— Task —
Scan the material below for "sale", then return each line that contains it.

=== Section Start ===

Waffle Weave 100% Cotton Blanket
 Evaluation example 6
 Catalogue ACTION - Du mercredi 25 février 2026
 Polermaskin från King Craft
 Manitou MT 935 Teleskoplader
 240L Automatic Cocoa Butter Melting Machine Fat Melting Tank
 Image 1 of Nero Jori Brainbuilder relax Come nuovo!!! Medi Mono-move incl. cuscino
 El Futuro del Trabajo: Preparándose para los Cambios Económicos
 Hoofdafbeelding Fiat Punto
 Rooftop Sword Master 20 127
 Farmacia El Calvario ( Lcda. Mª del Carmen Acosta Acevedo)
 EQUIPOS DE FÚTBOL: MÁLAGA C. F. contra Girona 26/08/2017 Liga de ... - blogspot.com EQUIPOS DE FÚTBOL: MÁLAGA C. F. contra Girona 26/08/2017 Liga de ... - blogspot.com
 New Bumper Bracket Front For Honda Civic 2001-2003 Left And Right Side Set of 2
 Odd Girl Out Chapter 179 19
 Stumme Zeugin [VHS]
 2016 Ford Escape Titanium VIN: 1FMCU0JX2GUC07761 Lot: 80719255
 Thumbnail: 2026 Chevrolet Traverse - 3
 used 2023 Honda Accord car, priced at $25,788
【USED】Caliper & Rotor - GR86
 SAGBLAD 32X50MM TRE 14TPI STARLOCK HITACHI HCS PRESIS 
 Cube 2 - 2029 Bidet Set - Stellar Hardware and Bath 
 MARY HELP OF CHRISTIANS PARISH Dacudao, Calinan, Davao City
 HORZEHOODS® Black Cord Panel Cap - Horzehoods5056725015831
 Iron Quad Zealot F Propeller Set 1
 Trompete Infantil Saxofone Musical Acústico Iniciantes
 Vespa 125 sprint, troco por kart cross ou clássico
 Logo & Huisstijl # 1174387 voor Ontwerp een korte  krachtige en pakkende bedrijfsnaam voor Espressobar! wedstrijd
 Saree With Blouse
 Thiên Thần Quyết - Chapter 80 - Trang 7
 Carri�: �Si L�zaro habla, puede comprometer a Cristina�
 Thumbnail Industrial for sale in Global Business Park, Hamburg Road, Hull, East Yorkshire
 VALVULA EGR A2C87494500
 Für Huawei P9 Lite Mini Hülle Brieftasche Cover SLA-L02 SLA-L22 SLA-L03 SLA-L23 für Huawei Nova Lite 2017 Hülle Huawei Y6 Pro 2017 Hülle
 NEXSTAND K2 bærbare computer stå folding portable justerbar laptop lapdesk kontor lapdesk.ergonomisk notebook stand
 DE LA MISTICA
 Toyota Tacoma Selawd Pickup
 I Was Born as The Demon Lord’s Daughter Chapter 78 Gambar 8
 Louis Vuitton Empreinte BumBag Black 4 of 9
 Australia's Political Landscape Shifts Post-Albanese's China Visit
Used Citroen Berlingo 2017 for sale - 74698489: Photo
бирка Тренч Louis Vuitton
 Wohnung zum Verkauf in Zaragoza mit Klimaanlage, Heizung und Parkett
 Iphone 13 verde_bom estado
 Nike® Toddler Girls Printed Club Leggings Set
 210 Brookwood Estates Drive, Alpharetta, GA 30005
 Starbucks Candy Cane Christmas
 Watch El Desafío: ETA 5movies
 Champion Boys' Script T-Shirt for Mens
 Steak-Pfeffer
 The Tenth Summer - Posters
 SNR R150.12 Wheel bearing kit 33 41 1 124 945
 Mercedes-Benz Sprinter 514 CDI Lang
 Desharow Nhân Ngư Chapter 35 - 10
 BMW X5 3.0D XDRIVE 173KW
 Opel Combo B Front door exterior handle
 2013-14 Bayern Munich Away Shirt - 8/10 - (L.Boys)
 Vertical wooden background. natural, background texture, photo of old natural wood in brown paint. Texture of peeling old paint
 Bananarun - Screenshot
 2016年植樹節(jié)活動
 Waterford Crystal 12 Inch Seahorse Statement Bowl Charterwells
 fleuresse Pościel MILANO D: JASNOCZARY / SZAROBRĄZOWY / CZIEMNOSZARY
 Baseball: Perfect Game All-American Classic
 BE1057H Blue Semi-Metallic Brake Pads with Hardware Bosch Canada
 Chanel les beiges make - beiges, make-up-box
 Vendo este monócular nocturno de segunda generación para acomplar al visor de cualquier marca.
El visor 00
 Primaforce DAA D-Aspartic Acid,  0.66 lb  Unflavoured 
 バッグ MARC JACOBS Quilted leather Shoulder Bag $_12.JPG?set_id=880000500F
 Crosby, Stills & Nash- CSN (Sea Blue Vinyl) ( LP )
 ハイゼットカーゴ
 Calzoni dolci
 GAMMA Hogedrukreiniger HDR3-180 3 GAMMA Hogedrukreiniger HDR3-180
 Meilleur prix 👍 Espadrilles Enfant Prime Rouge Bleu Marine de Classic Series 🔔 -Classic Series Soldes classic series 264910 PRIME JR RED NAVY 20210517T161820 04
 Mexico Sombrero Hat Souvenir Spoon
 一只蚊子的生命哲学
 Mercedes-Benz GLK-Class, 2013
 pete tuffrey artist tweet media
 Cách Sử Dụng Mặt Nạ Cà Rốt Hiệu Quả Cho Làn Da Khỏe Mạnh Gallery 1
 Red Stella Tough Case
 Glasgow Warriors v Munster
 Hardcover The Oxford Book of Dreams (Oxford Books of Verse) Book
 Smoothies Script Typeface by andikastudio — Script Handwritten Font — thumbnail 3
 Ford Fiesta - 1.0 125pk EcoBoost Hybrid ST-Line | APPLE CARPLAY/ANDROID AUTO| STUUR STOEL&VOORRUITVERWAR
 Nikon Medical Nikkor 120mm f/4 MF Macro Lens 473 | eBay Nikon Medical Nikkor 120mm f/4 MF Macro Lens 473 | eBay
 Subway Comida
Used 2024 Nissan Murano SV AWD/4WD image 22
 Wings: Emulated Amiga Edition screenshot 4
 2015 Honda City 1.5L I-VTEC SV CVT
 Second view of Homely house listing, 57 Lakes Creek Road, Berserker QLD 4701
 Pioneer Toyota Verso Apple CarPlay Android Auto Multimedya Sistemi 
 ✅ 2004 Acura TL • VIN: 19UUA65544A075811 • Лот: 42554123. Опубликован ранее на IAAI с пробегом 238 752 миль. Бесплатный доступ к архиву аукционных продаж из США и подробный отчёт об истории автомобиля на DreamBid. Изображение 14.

=== Section End ===

— Your response —
 Thumbnail Industrial for sale in Global Business Park, Hamburg Road, Hull, East Yorkshire
Used Citroen Berlingo 2017 for sale - 74698489: Photo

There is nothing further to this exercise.